House, Senate Committee Run Aground on 30-Year Bond Discussions

March 26, 2004 ( - The joint U.S. House of Representatives, Senate committee convened to hammer out compromise legislation to replace the 30-year Treasury bond for pension calculations has hit a snag.

“These negotiations are in serious danger and I believe that this bill is in serious jeopardy at this point,” said Representative John Boehner (R-Ohio), chairman of the House Education and the Workforce Committee, told the Associated Press.  

First the good news, the two sides have come to terms with the inclusion of a deficit reduction contribution (DRC) holiday, which was included in the Senate’s version of the bill but legislated out of the House’s version.   Under the DRC provisions of the Senate bill, roughly $16 billion in breaks are granted to companies via a reduction in DRC to those companies hit hardest by the recent pension underfunding storm.  For those companies, the DRC holiday means they could waive 80% of their DRC payments the first year and 60% the second year (See  Details Emerge on DRC Provision of Senate Bill).

Now the bad news,the conferees were hung up over relief for multiemployer plans that have become underfunded. While there is agreement that the 20% of those plans that are the worst off should get assistance, members were having difficulty agreeing on a how to define the 20%.   Additionally, members were divided on restricting future benefit increases in the plans that receive relief.

Unfortunately, even if the two sides manage to come together and reach a compromise, it is not guaranteed that the measure will take effect.   The White House has expressed concern that too broad of a bill would threaten the solvency of the government’s pension insurer, the Pension Benefit Guaranty Corp. (PBGC) and officials of the President have hinted that the president might veto such a measure (See PBGC Calls Out DRC Modifications ).

The real losers though could be defined benefit plan sponsors and participants if the two sides do not kiss and make up.   Also contained in the compromise measure – a provision both sides agree on – is the implementation of a temporary replacement to the 30-year Treasury bond that expired last year.   Once expiring, the defunct bond’s interest rate began dropping precipitously, which in turn, under an inverse relationship, causes required pension contributions to increase.  To remedy the situation, both the House and Senate version include a temporary benchmark of blended corporate bond rates for pensions to use.

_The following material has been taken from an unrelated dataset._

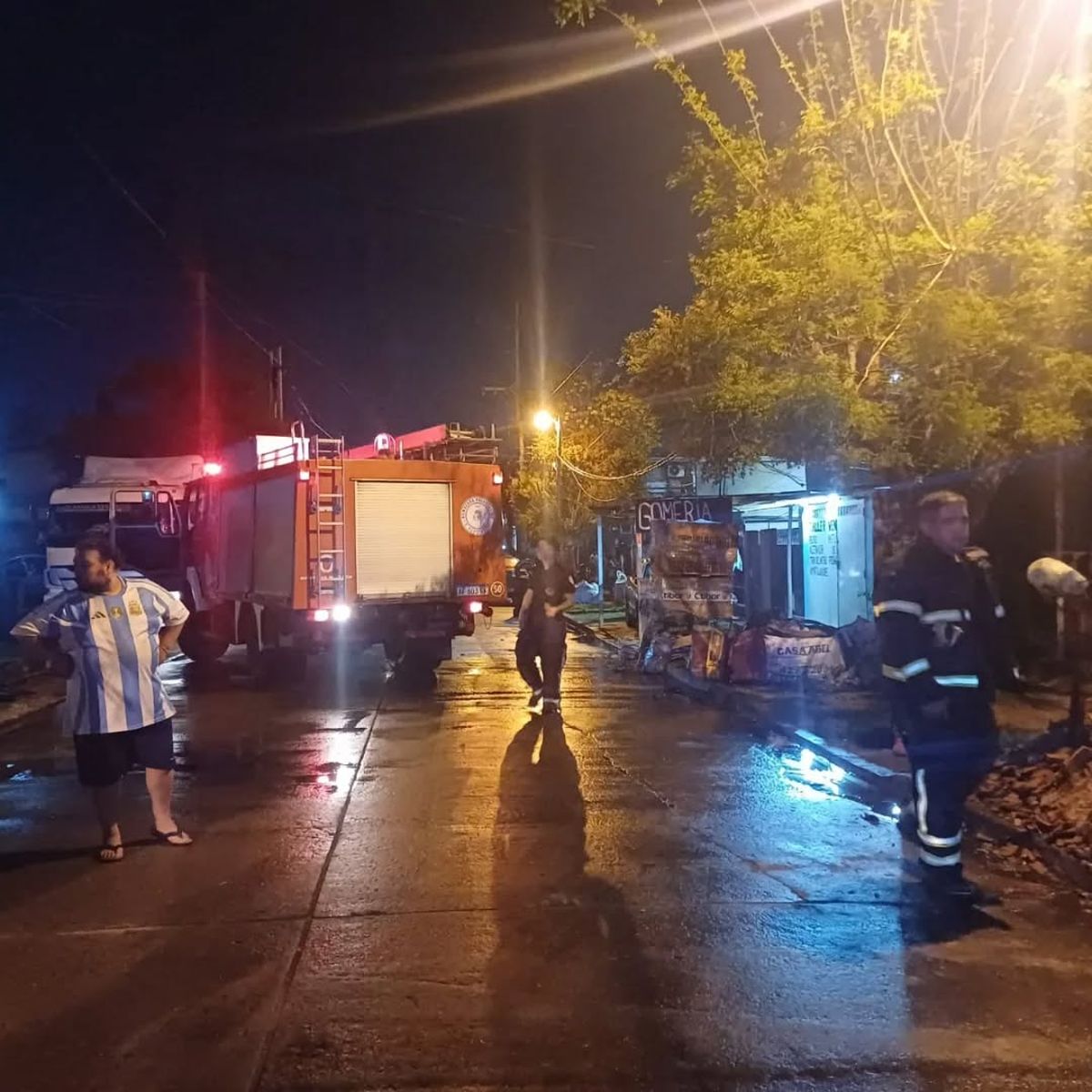 El animal fue rescatado de una casa que se incendió en Monte Grande.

With passage of the bill, the PBGC estimates the legislation could save $80 billion over the next two years, according to a news release by the office of the bill’s sponsor Senator Judd Gregg (R – New Hampshire).   But the clock is ticking and unless the proposal is signed, sealed and delivered to the President by April 15 th there will be pension funding difficulties across the land, the date many pension funds make their contributions for the year.